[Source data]
====================

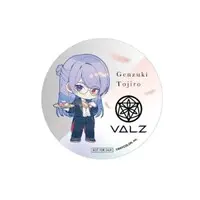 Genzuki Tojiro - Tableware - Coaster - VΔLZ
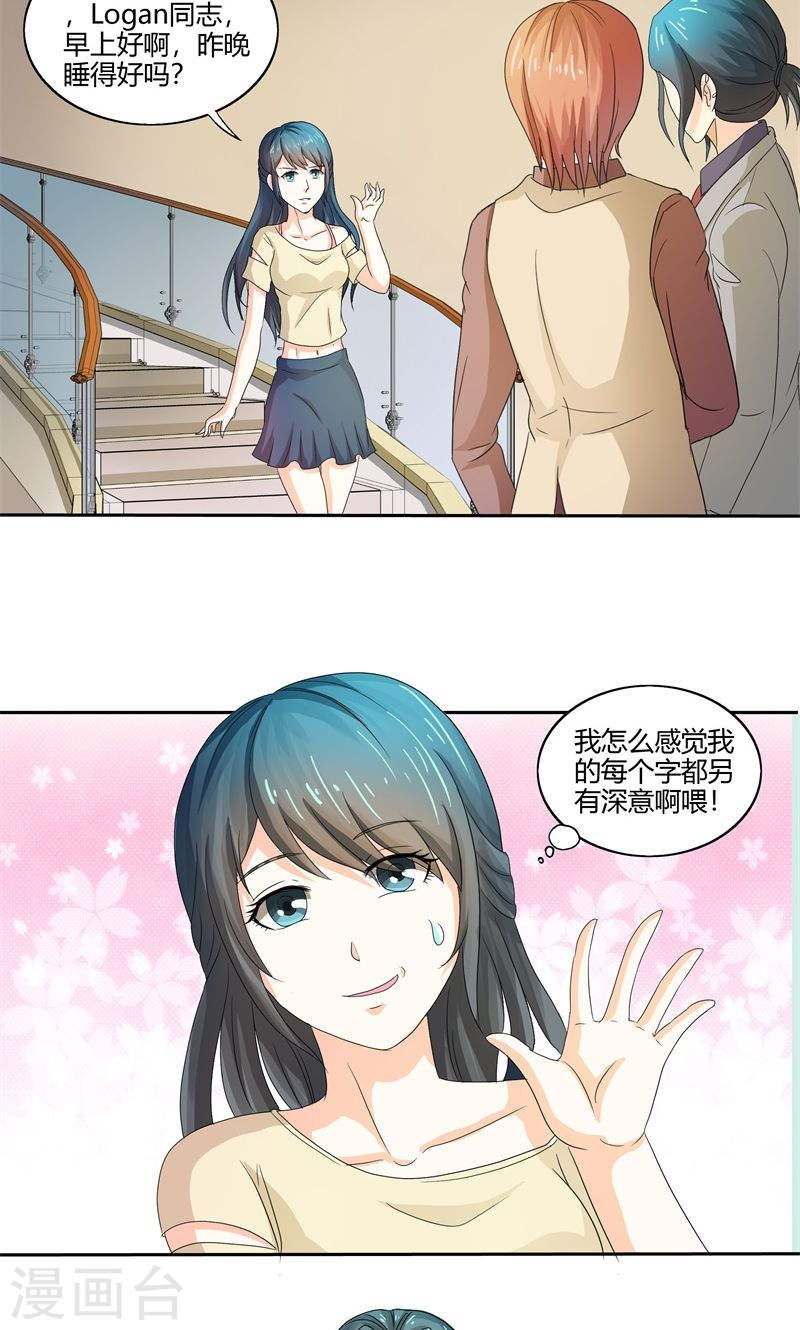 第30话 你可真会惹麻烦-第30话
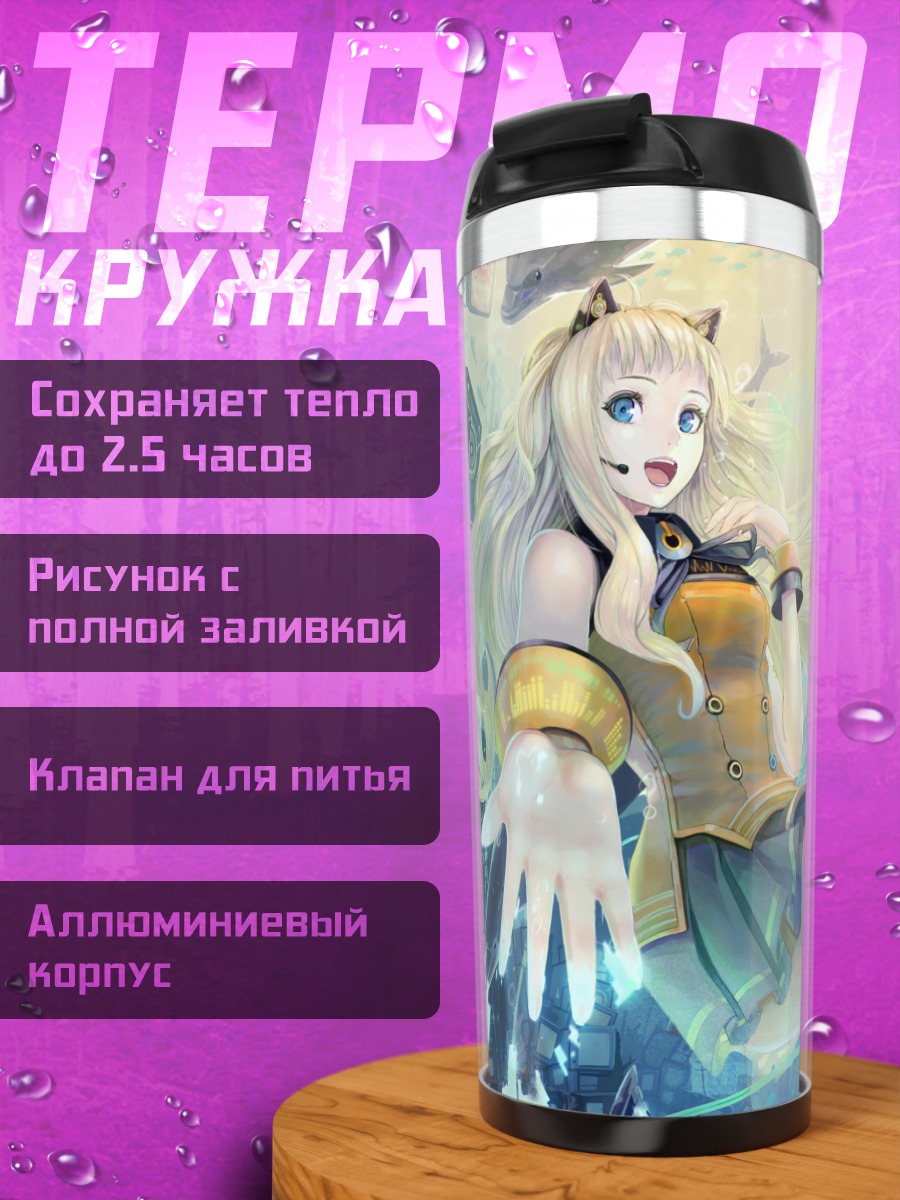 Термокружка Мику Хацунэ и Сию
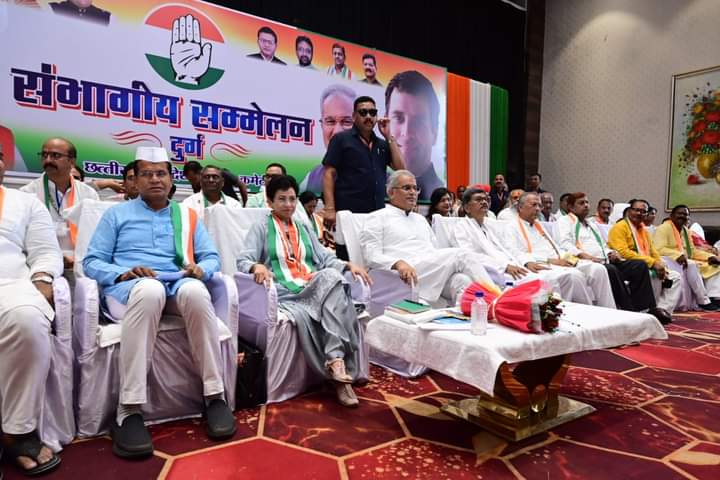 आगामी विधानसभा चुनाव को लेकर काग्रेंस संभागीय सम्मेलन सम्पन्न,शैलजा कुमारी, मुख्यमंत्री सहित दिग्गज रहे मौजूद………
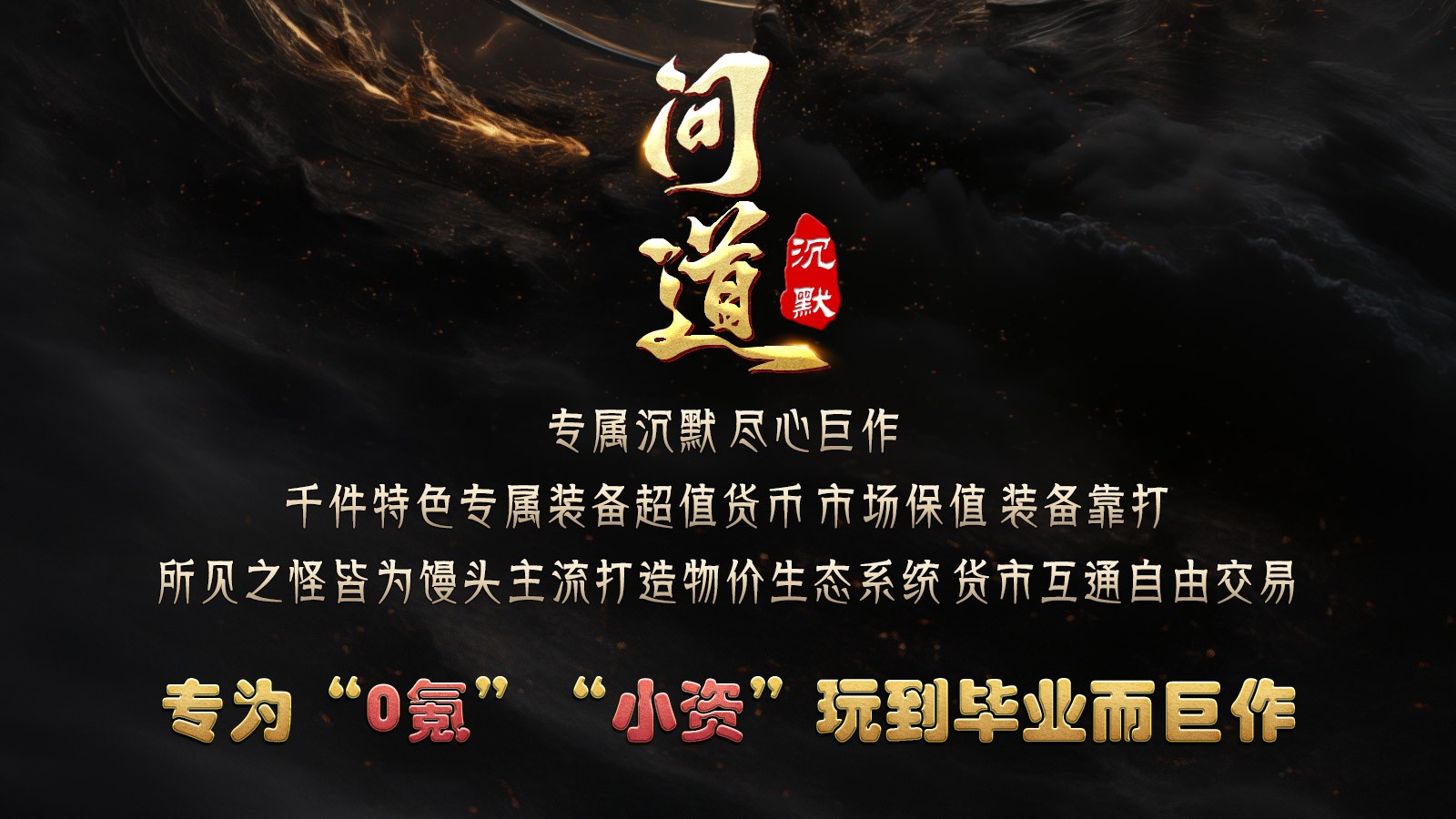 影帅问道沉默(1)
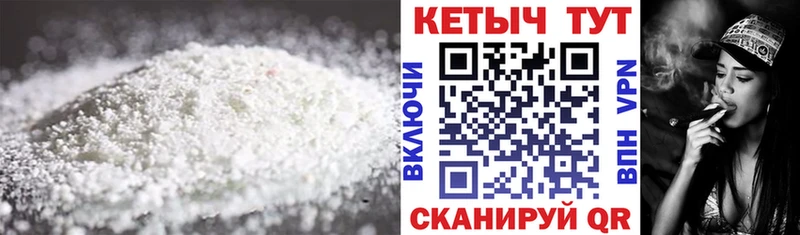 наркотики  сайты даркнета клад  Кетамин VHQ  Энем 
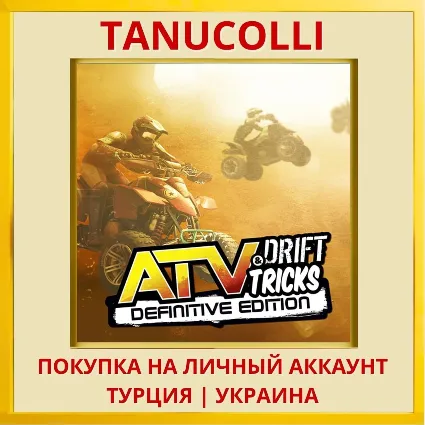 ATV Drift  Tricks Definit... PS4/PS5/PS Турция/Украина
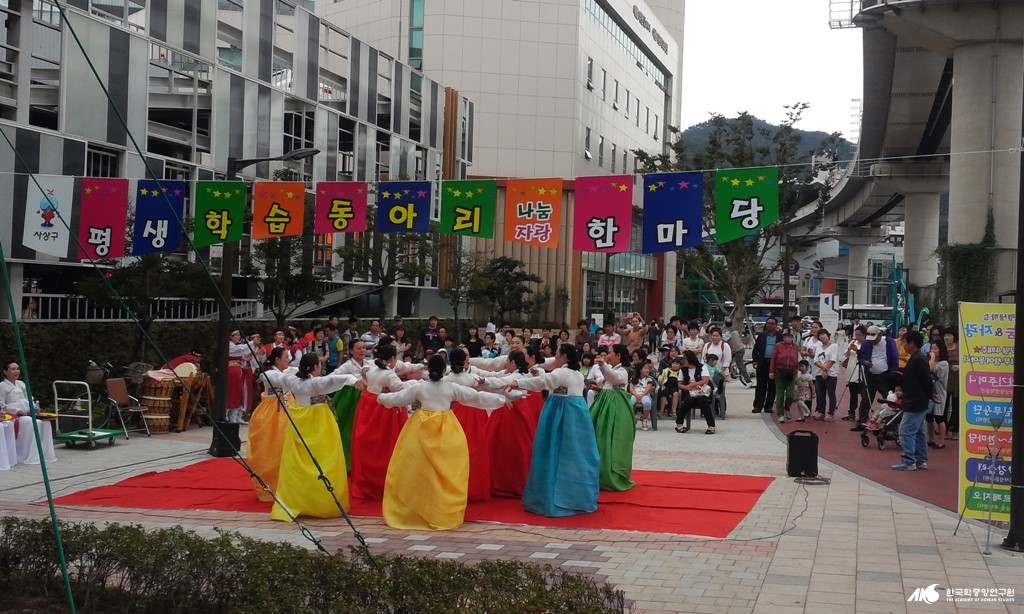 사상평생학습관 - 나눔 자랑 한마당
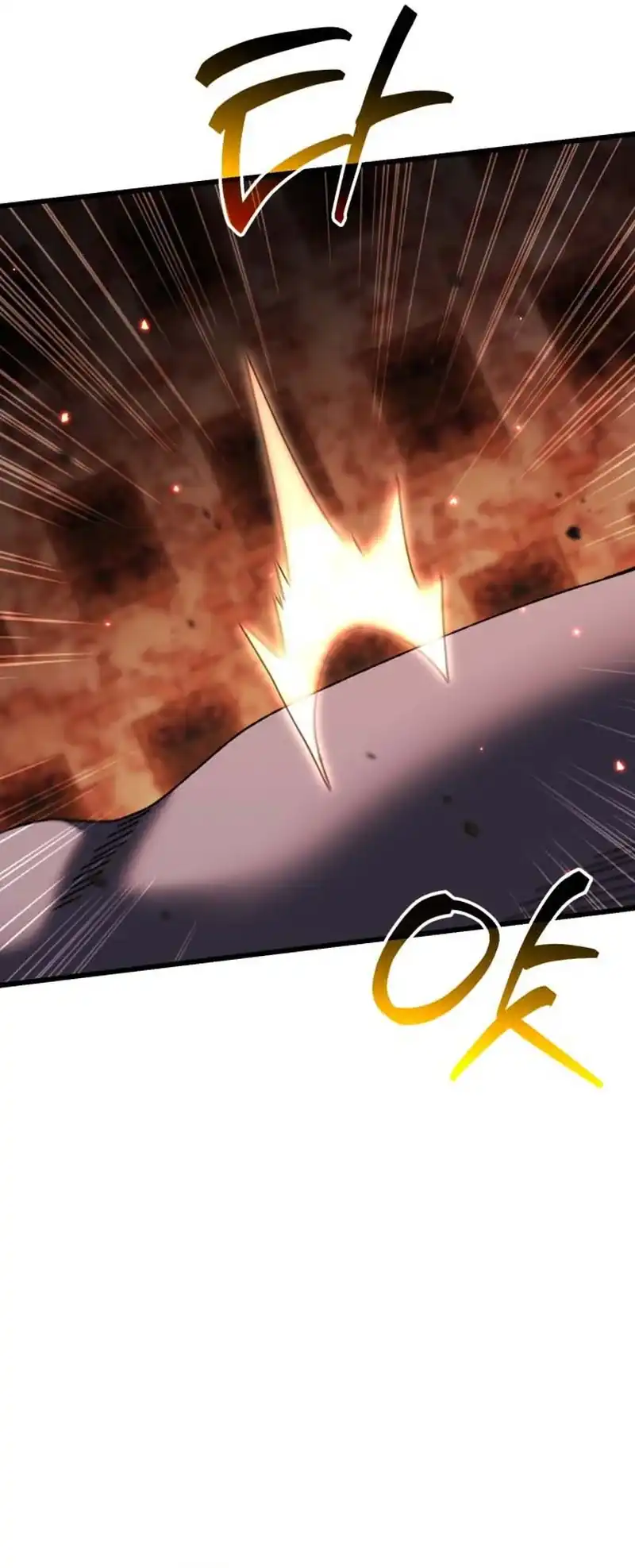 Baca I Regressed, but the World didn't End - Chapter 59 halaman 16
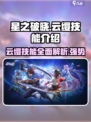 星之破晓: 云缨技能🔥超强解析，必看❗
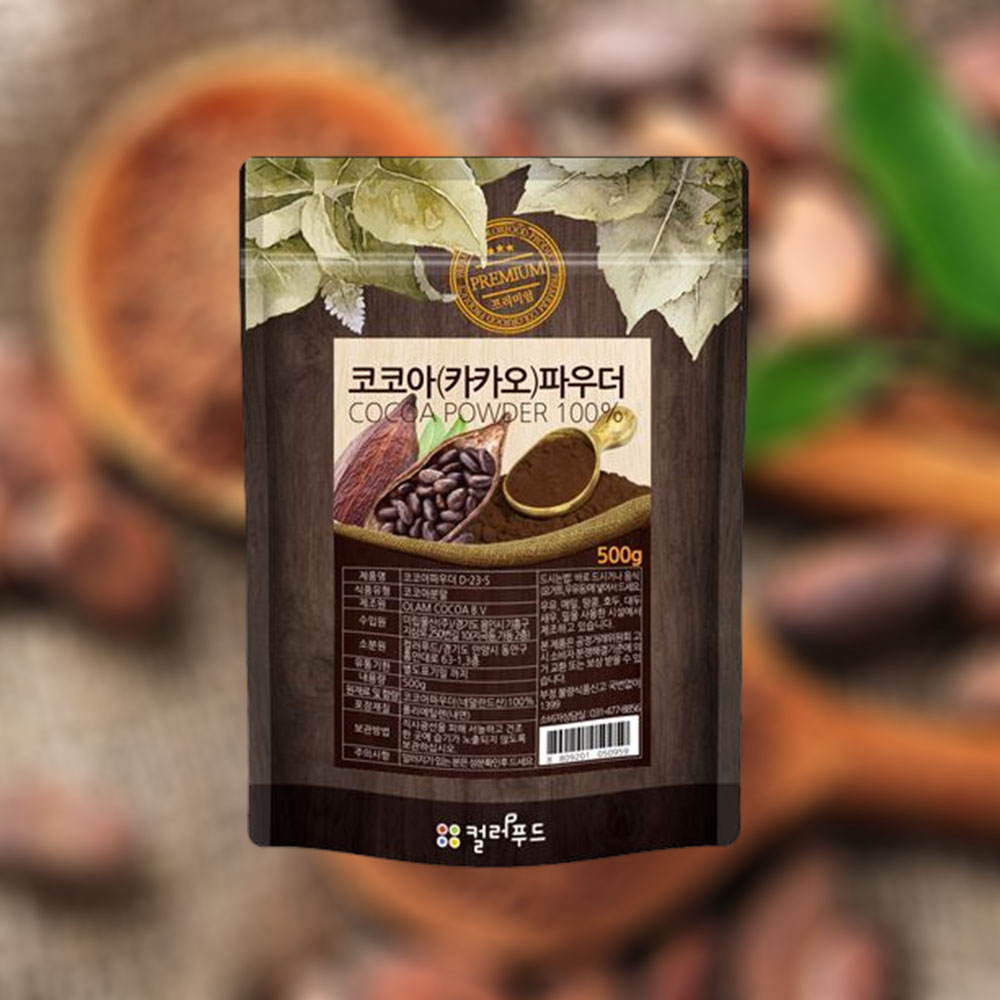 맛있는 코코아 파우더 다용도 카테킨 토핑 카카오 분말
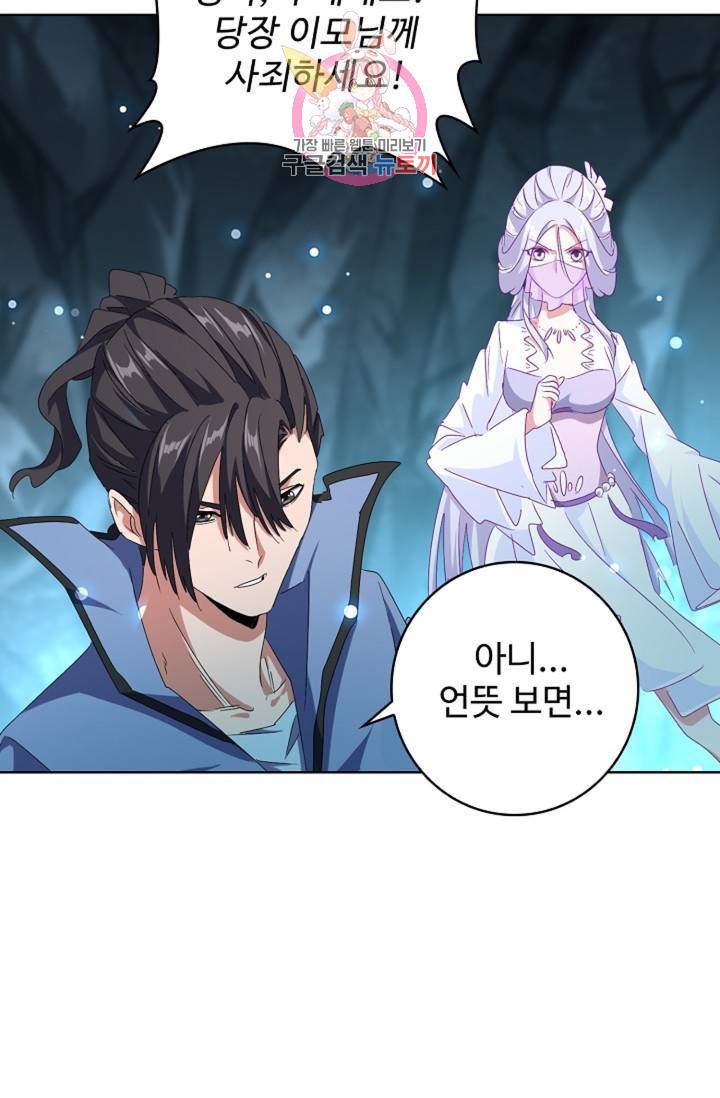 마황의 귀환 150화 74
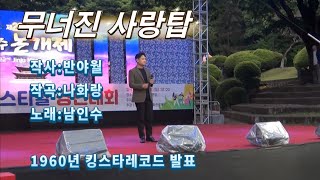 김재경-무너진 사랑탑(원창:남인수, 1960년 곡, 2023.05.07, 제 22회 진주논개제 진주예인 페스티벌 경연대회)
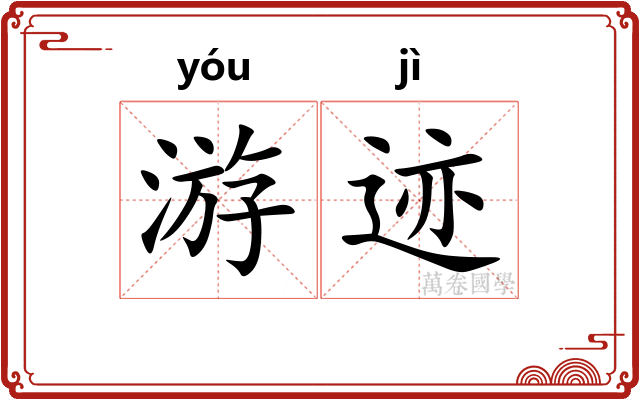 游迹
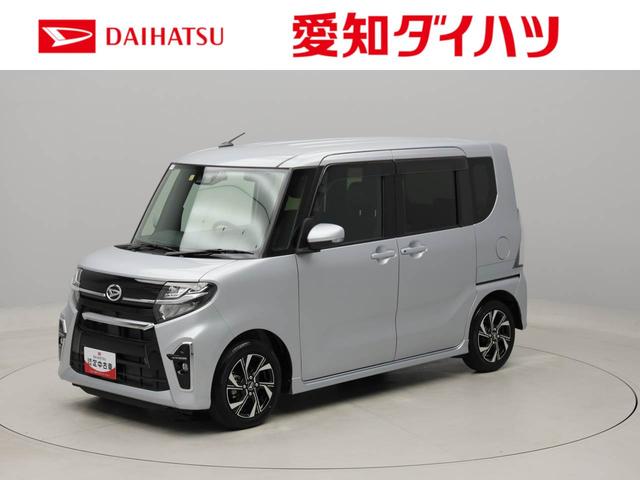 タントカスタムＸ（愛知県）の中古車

====================

## TASK TO CARRY OUT
Retype the lines from the one containing "आगामी विधानसभा चुनाव" down to the last line of the records, both included, exactly and nothing more. Pictures stay out.

## RESPONSE
 आगामी विधानसभा चुनाव को लेकर काग्रेंस संभागीय सम्मेलन सम्पन्न,शैलजा कुमारी, मुख्यमंत्री सहित दिग्गज रहे मौजूद………
 影帅问道沉默(1)
 наркотики  сайты даркнета клад  Кетамин VHQ  Энем 
 ATV Drift  Tricks Definit... PS4/PS5/PS Турция/Украина
 사상평생학습관 - 나눔 자랑 한마당
 Baca I Regressed, but the World didn't End - Chapter 59 halaman 16
 星之破晓: 云缨技能🔥超强解析，必看❗
 맛있는 코코아 파우더 다용도 카테킨 토핑 카카오 분말
 마황의 귀환 150화 74
 김재경-무너진 사랑탑(원창:남인수, 1960년 곡, 2023.05.07, 제 22회 진주논개제 진주예인 페스티벌 경연대회)
 游迹
 タントカスタムＸ（愛知県）の中古車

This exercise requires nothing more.